第二次世界大戦後のパフラビー王朝の歩みは、米ソ冷戦下でのアメリカの支援と莫大(ばくだい)な石油利潤とに安定基盤を求め、国民に対しては弾圧政治に終始してきた。1962年以来の「白色革命」や、70年代の法外な石油利潤をてことする近代化は、新興特権階層の台頭を促す一方、農村や都市の商工業バザールの破産をもたらし、急膨張する都市化のなかで民衆は疎外と抑圧を受けるようになった。王朝の繁栄とは裏腹に、同国は秘密警察サバクが支配する暗黒政治に覆われていた。
イラン国民の大半が属するイスラム教シーア派の宗教指導者層ホメイニらは、国民の窮状をイスラム教徒の共同体(ウンマ)の危機ととらえた。彼らは、本来のイスラム原理に基づくウンマの再生と結び付けて王制打倒を国民に提唱、反国王運動の先頭にたつことになった。イラン左翼勢力は、イスラム原理主義によるイスラム的正義と公正の実現を訴えるイスラム変革運動のなかに社会的変革の糸口をみいだして共感し、さらにバザール商人層も呼応した。こうした、イスラム原理主義を軸とする広範な国民結集の大運動のなかで、強大な軍事力を誇ったイラン王制も崩壊せざるをえなかったのである。
ところで、イスラムのウンマとは、民族、部族の単位ではなく、神が人類救済の歴史のなかで使徒を遣わし、人間に呼びかけるその単位集団としての意味をもつものとされる。

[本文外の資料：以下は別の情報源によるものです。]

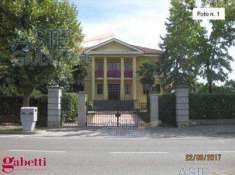 Foto Villa o villino in Vendita, 490 mq (Cherasco)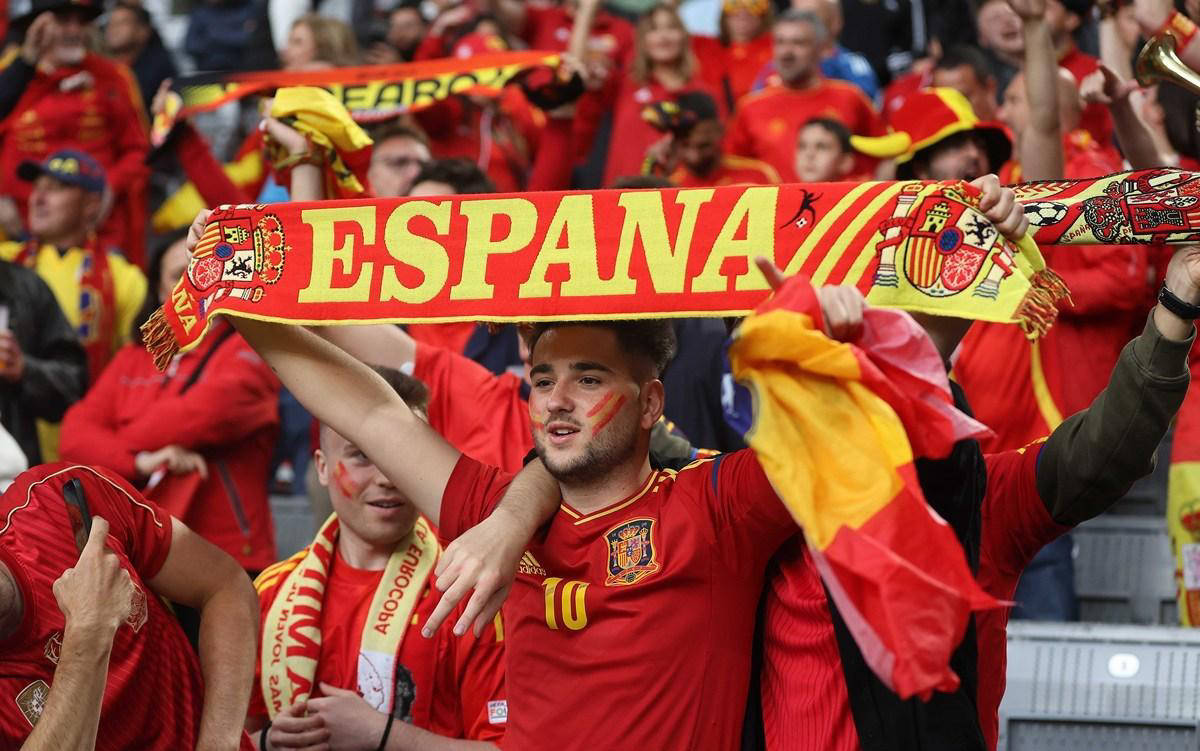 西班牙队在比赛中发挥稳定获胜 西班牙队在比赛中发挥稳定获胜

ここに、イラン革命を推進するシーア派イスラムの原理主義が、ウンマの再生のイデオロギーとして、宗派、国籍、民族の違いを超えて、広くイスラム教徒をとらえていく側面がみいだされる。ペルシア湾岸諸国や内戦下のレバノンまでが「革命の輸出」としてこれを危惧(きぐ)するのは、イラン革命のいわば国際的な性格を物語っていよう。ただし、イラン革命政権が、イラン国境内部に生活する他民族集団や他宗派集団に対して、その自治権を抑圧する傾向を強めている事実も否めない。シーア派イスラムに根ざす変革のイデオロギーが、新たな民族的差別の危険をどう断ち切っていけるかに、イラン革命の成否がかかっていよう。